# pictures



## chickenqueen (Jan 9, 2016)

I'm trying to post 3 pics.One of my rooster tattoo,Precious,my baby,laying an egg in my dirty laundry basket and Jr. my lap rooster.Here goes....


----------



## robin416 (Sep 8, 2013)

Success! You did it!

The birds are not spoiled much, are they?


----------



## seminole wind (Aug 22, 2015)

Awww! Good shots!


----------



## chickenqueen (Jan 9, 2016)

I figured it with a little help from my friends! I had pictures of the rest of them but all you could see are their rear-ends. I'll keep trying. Yeah,Precious and Jr are a little spoiled but they both have a story.Precious was an "only child" and Jr has an ear issue and after a trip to the vet,antibiotic injections and ear drops,the only thing I can do now is keep them cleaned out.I didn't intend for them to turn out this way,it just happened.


----------



## robin416 (Sep 8, 2013)

chickenqueen said:


> .I didn't intend for them to turn out this way,it just happened.

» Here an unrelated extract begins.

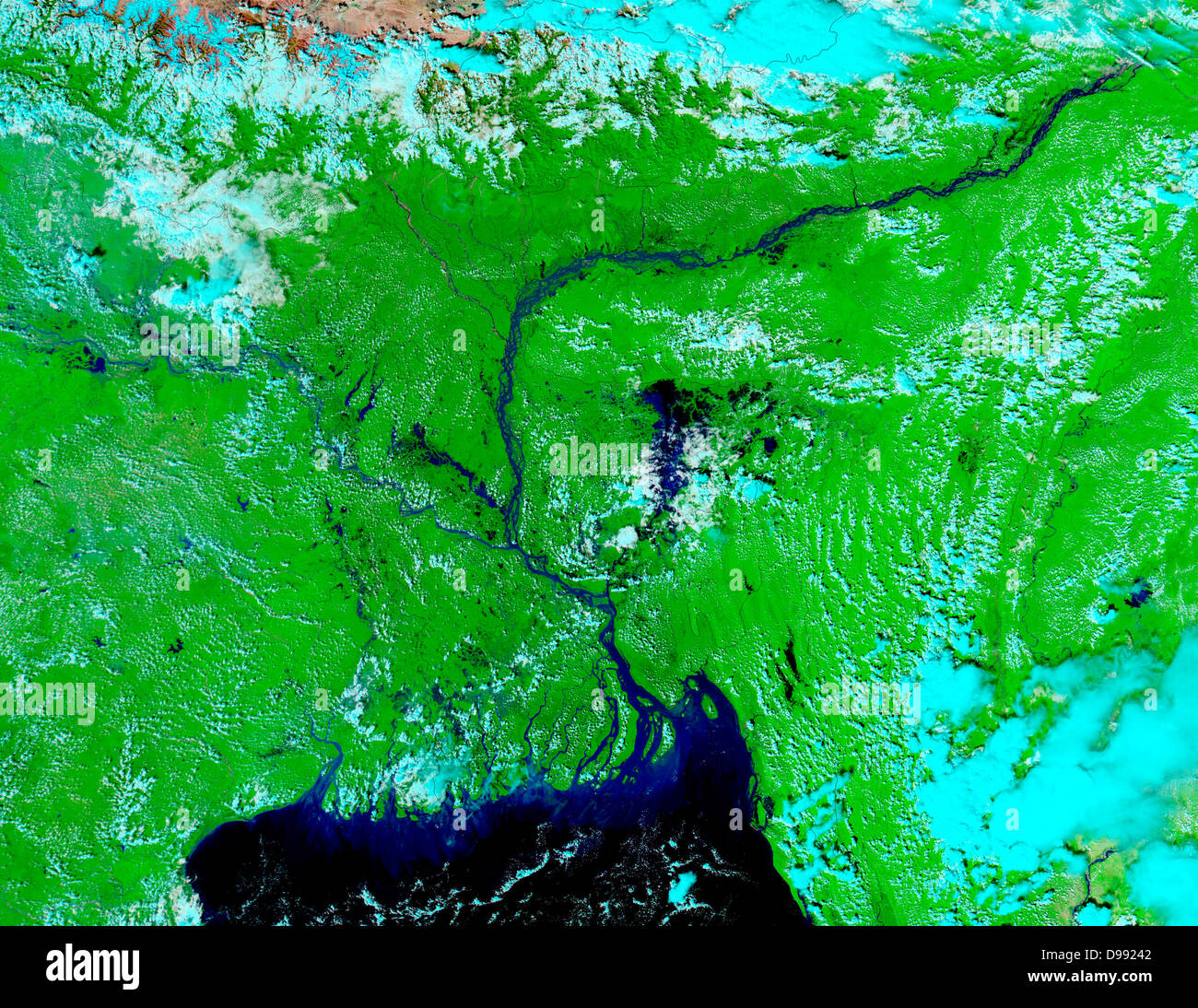 Image satellite, 5 octobre 2002, montrant des basses-terres d'eau en Inde et au Bangladesh. Bleu lumineux est d'eau, lacs et zones inondées. Centre de premier plan est sombre Baie du Bengale. Crédit NASA. Banque D'Images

unha, you do realize you are talking to chicken people. Right? That might work with non chicken people but not us.


----------



## chickenqueen (Jan 9, 2016)

LOL I always knew I wasn't alone.


----------



## jstringerrn75 (Oct 24, 2015)

So sweet! I pray for the day one of my chickens lays in my lap like a kitten!


----------